Chris Diodato, an advisor based in Palm Beach Gardens and a financial planner, stated that “it’s not too late” to fund an HSA for people who purchase health insurance from the Affordable Care Act Marketplace. HSAs are available from many banks and online brokerages. You can contribute up to $3,650 and subtract the rest. [from your taxes] Diodato stated that $7,300 is the minimum amount for insuring yourself.

Many marketplace plans are HSA-eligible. However, when a patient enrolls for the insurance plans, they don’t automatically open an HSA account. This is why marketplace shoppers need to be careful, Diodato stated.

Make sure you have enough stock

Consider liquidating any investments that have fallen in value if your brokerage account is open. A capital-gains loss of up to $3,000 can be used to offset investments that earned you income — or money from a job.

Cody Lachner from Indianapolis, a financial advisor, stated that “Tax loss harvesting can provide a great opportunity for you to adjust your portfolio while also receiving a tax advantage.” “Ask yourself: “Do these investments still fit into my overall strategy?” He said that if not, it may be beneficial to sell those investments.

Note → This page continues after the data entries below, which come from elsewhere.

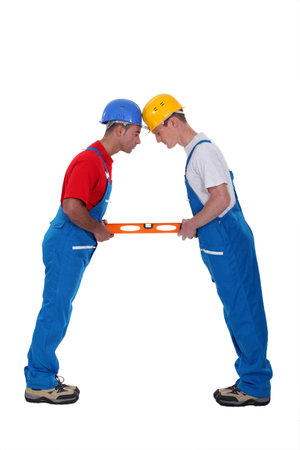 two craftsmen holding a levelの写真素材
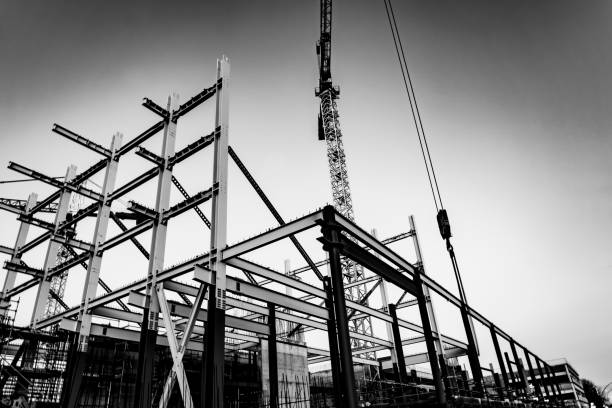 istock Gritty construction image of steel framing and construction crane on building site in monochrome. 1249473149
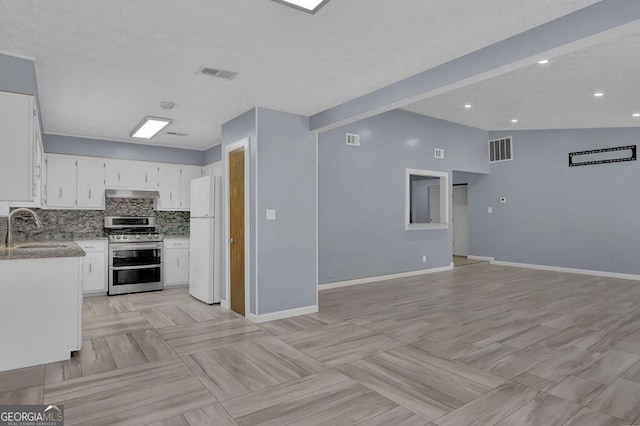 kitchen featuring a sink, visible vents, double oven range, and freestanding refrigerator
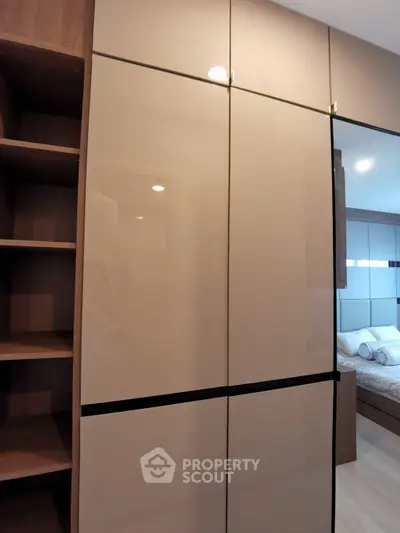 Modern bedroom with sleek built-in wardrobe and cozy bed setup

Bryan Minogue is a Madison-based financial advisor who suggests that you consider selling actively managed funds.

“These funds often distribute capital gains to fund-holders even if they didn’t trade.” Minogue stated in an email. Minogue said in an email, “In down years such as 2022 it’s a bit gut punch to have investments down but still receive a taxable distribution of your funds.”

Selling these funds at a loss can help investors avoid those capital gains distributions — typically paid out in December — while using the loss to offset other income, he noted.

Make sure you are paying enough taxes

If you have a high income, ensure that you are contributing enough tax to the system. Natalie Slagle, financial advisor, stated that her clients who earn over $200,000 find that the paycheck withholding does not cover all their tax liability.

Slagle stated that paying taxes on time can actually save money. The IRS will assess people for underpayment penalties if they are late in their payments.

Second-jobs and online income earners are more likely to be surprised by a tax bill than those who receive stock dividends. This is because stock grants don’t always include tax withheld at the time they are given.

Slagle explained that accounting should be done early for two reasons. Slagle stated that accounting early is important to avoid underpayment penalties and plan for how to make the bill.

She said, “If there is an obligation to pay something like taxes, I want to find out as soon as I can.” It is possible that the money may not be available if I delay filing until March 31st and discover I have to pay three grand.

The IRS can be used by curious taxpayers Tax Withholding Estimator To see if enough money has been taken from their paychecks. This tool will ask about wages and other income sources, such as investments and alimony.

Donate simply to help others

Many taxpayers donate to charities, household goods or stock as a way to lower their tax liability. This is a common move, but tax pros warn against charitable giving if it is not your intention to lower your taxes.

This is because you can only claim a tax deduction when you give to charity if your itemization is complete. The vast majority of Americans do not. (This rule, which has been in place for many years, was changed during the pandemic. It is now back in force for the upcoming tax season.

Slagle said that even a 1000-dollar charitable deduction won’t be enough to make it worthwhile to itemize instead of taking the standard deduction.

Her advice: “Donate to donate — don’t donate for the tax deduction. It doesn’t matter if tax benefits, but do it if you really want to.